• Activity
Search the listing below for the line with "Шрифт Bastognescapsssk –", then write out that line and every one after it exactly, without the pictures.

• Material provided

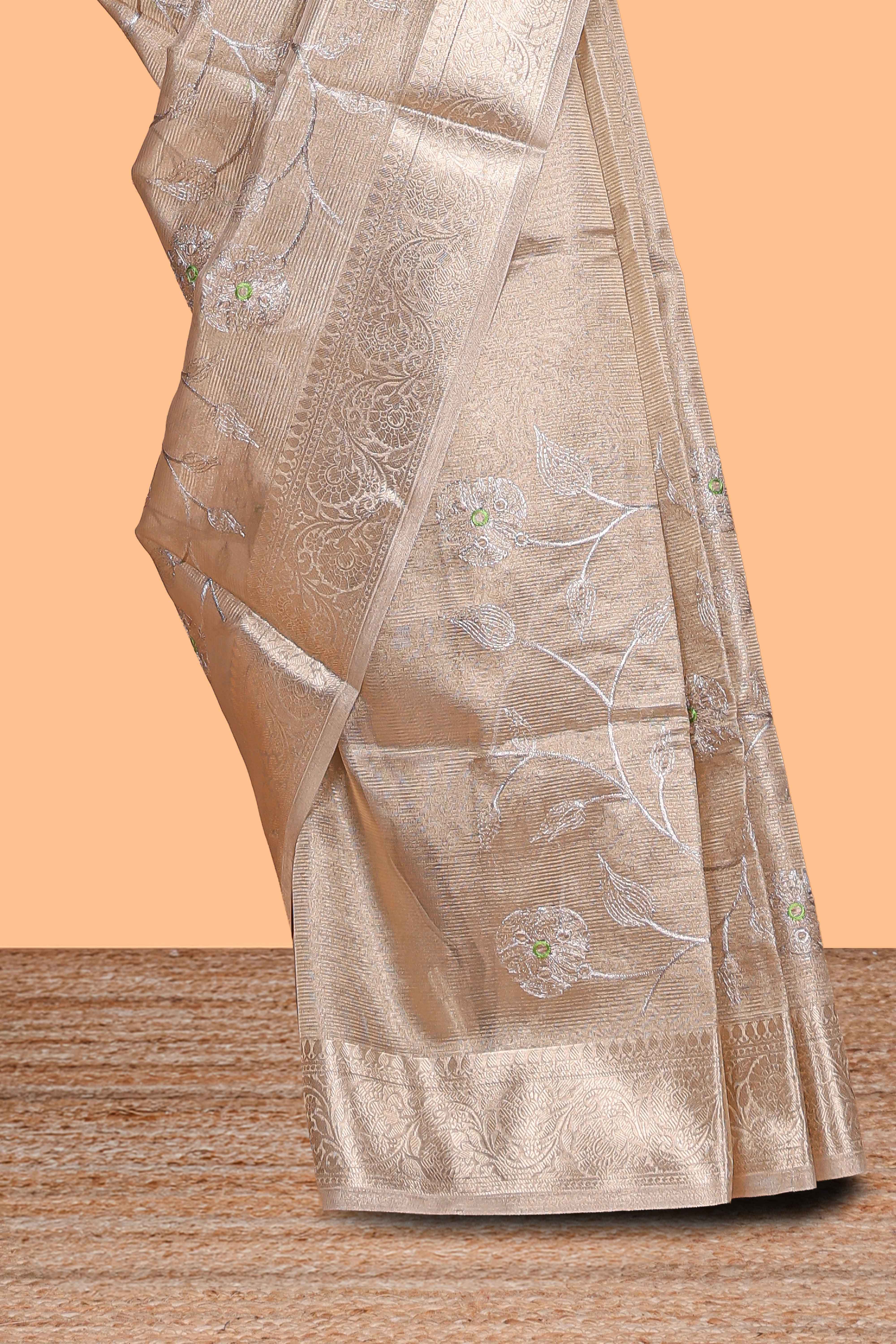 Antique Gold floral vine design art tissue saree with zari border and plain blouse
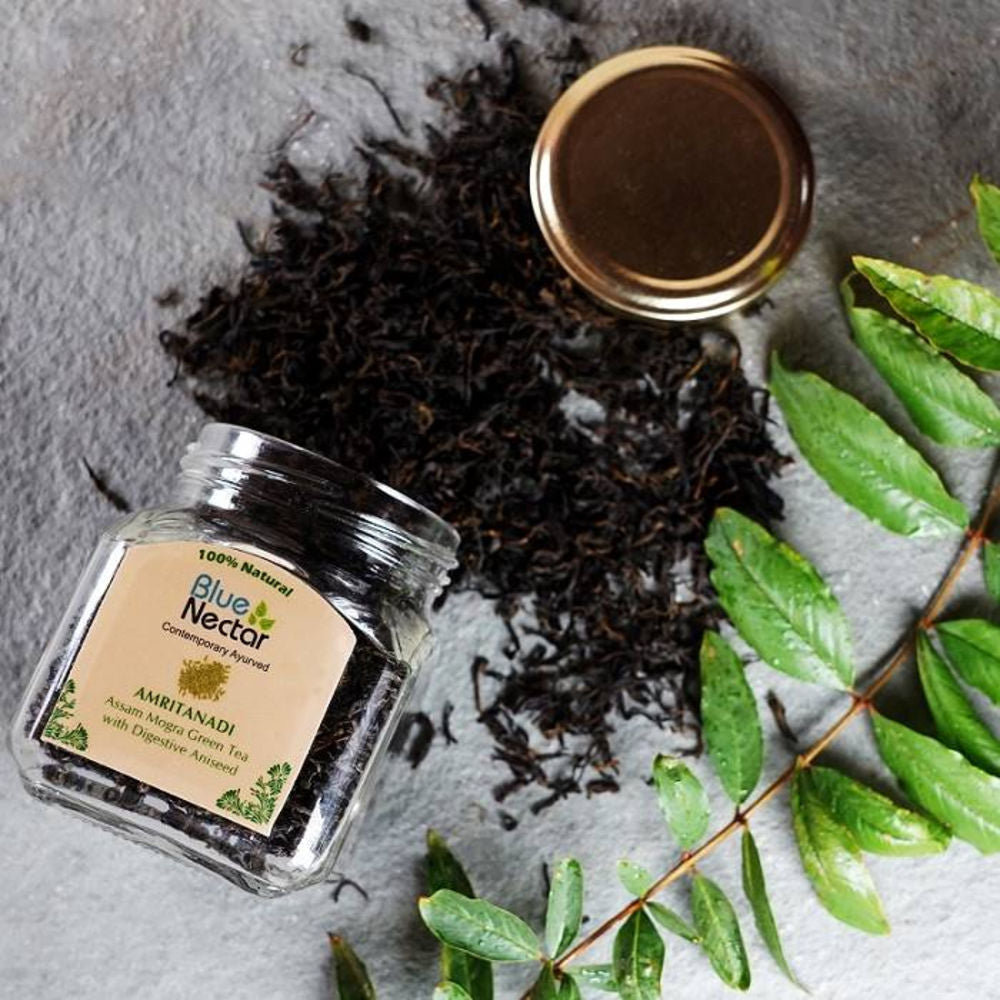 Blue Nectar Amritanadi Assam Mogra Green Tea with Digestive Aniseed | Grocsy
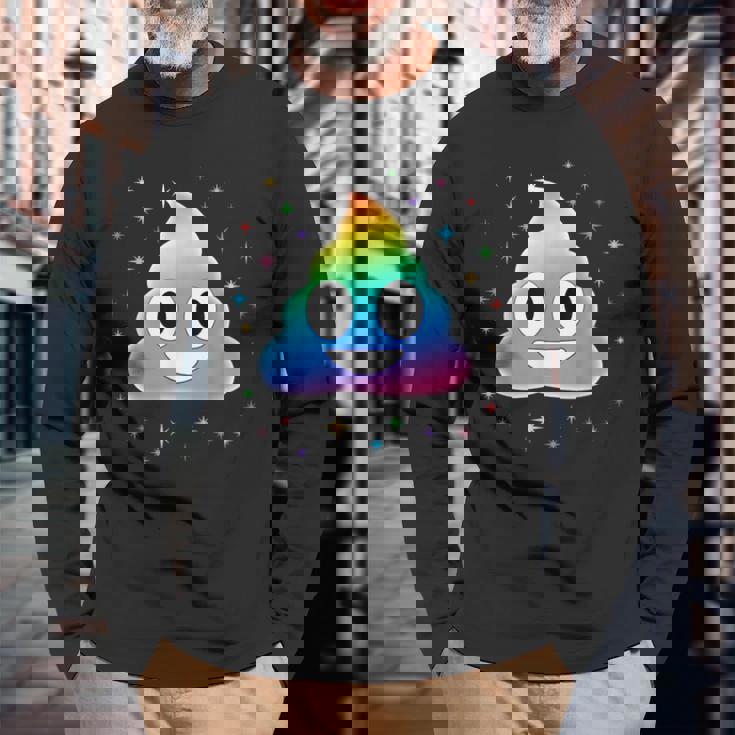 ユニコーンのうんち 長袖Tシャツ 高齢者への贈り物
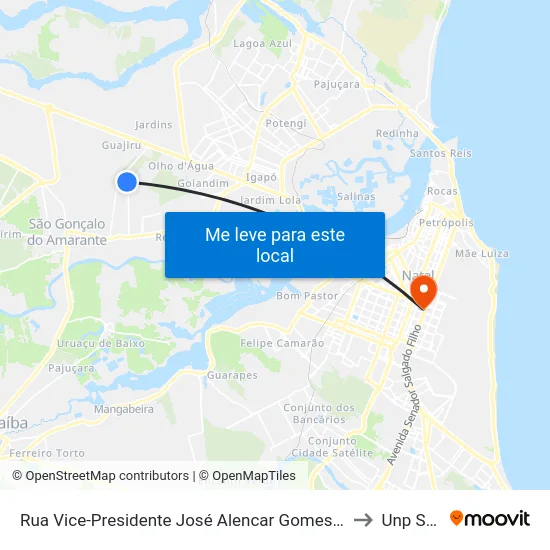 Rua Vice-Presidente José Alencar Gomes Da Silva, 525 | Residencial São Gonçalo Do Amarante IV to Unp Salgado Filho map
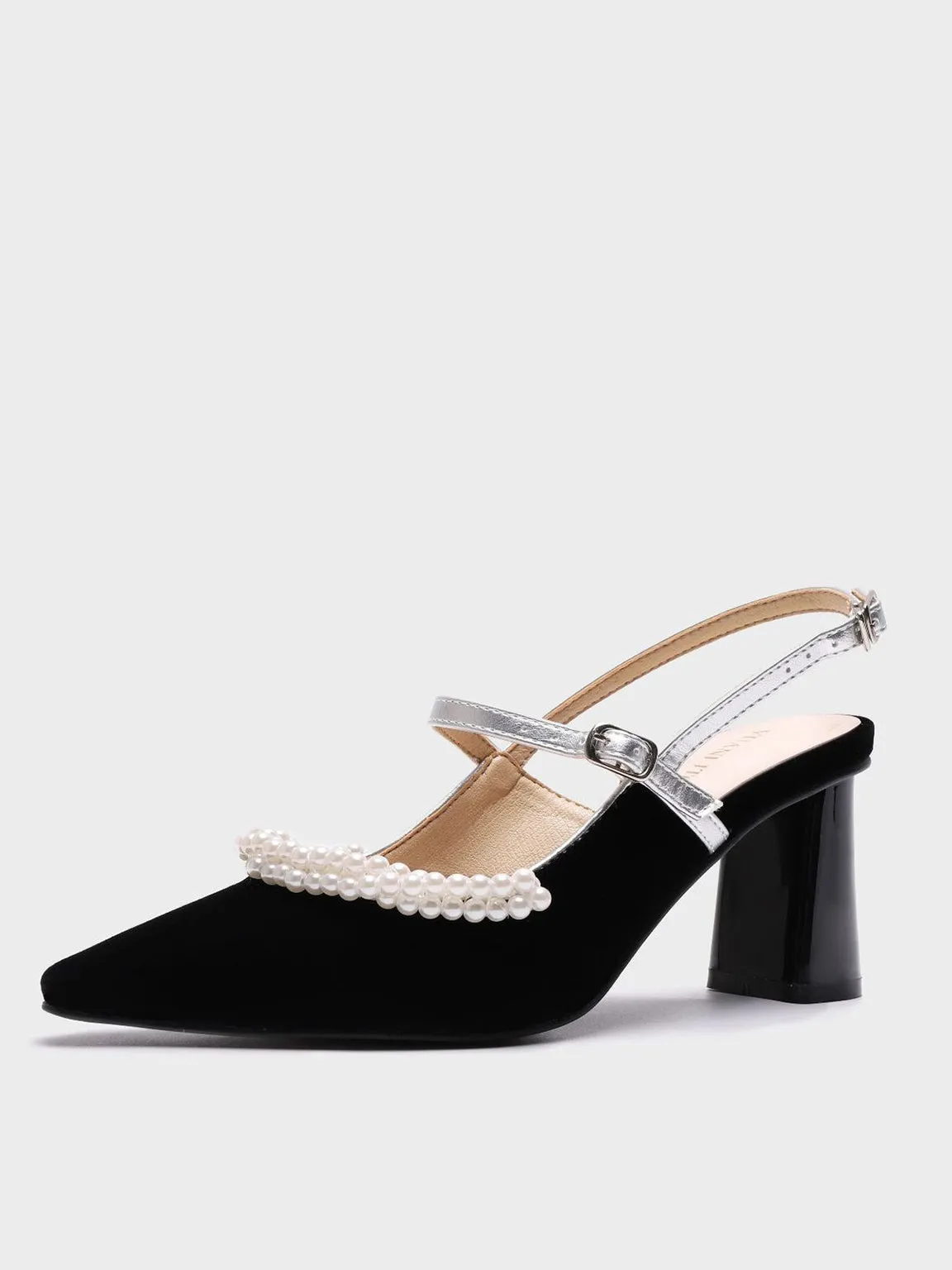 Velvet Pearl Embellished Mary Jane Heel Point Toe Mid Block Pumps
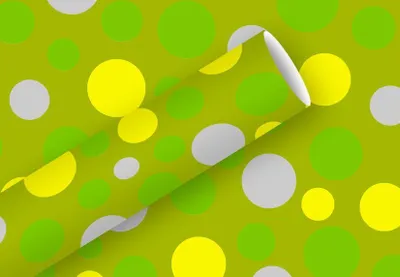 Produktbild von Braun & Company Geschenkpapier Kollektion Bubbels grün-gelb 1,5 m x 70 cm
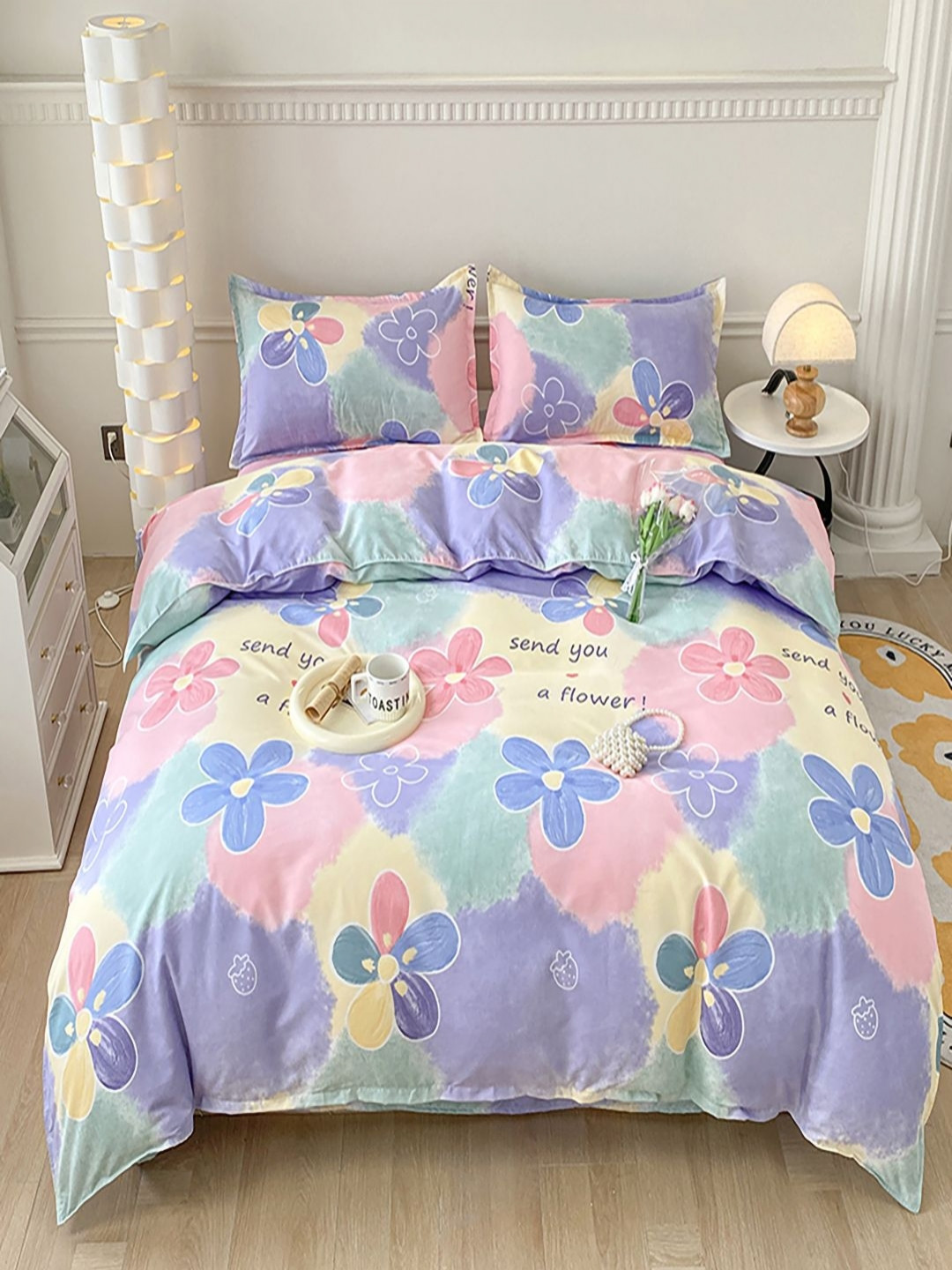 JC HOME White & Blue Floral Printed Double Extra Large Regular Bedding Set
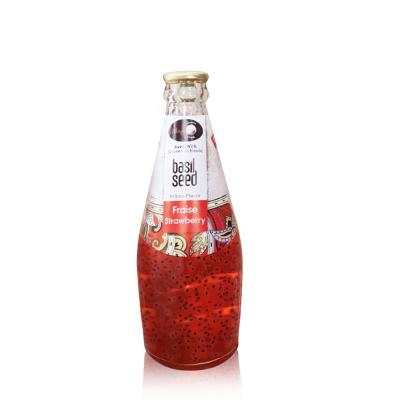 China Wholesale Natural Basil Seed Drink Strawberry Flavor Drinks 300ml Organic Glass Fruit Juice for sale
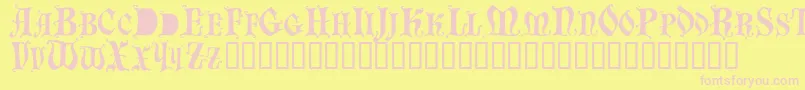 Шрифт Bastognescapsssk – розовые шрифты на жёлтом фоне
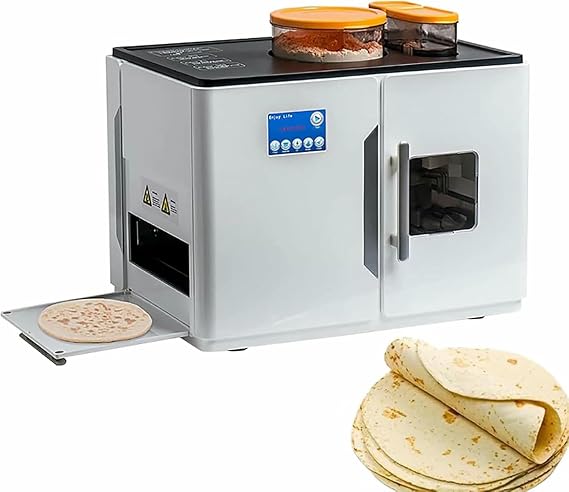 Roti Chapati Maker - Fully Automatic Machine for Tortillas, Pancakes, Flatbreads & Pita - Double-Sided Heating, Adjustable Temperature, Makes 8 Pieces at Once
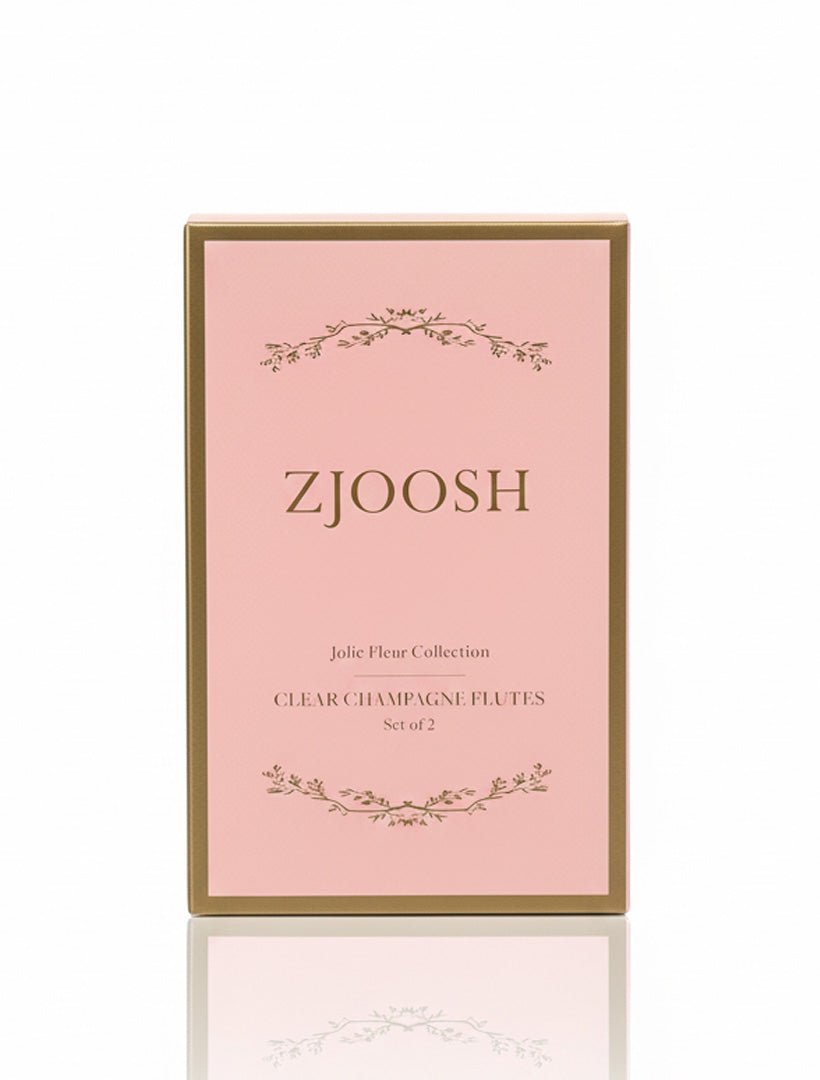 Jolie Fleur Crystal Champagne Flutes Clear - Zjoosh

• Response
 Шрифт Bastognescapsssk – розовые шрифты на жёлтом фоне
 Roti Chapati Maker - Fully Automatic Machine for Tortillas, Pancakes, Flatbreads & Pita - Double-Sided Heating, Adjustable Temperature, Makes 8 Pieces at Once
 Jolie Fleur Crystal Champagne Flutes Clear - Zjoosh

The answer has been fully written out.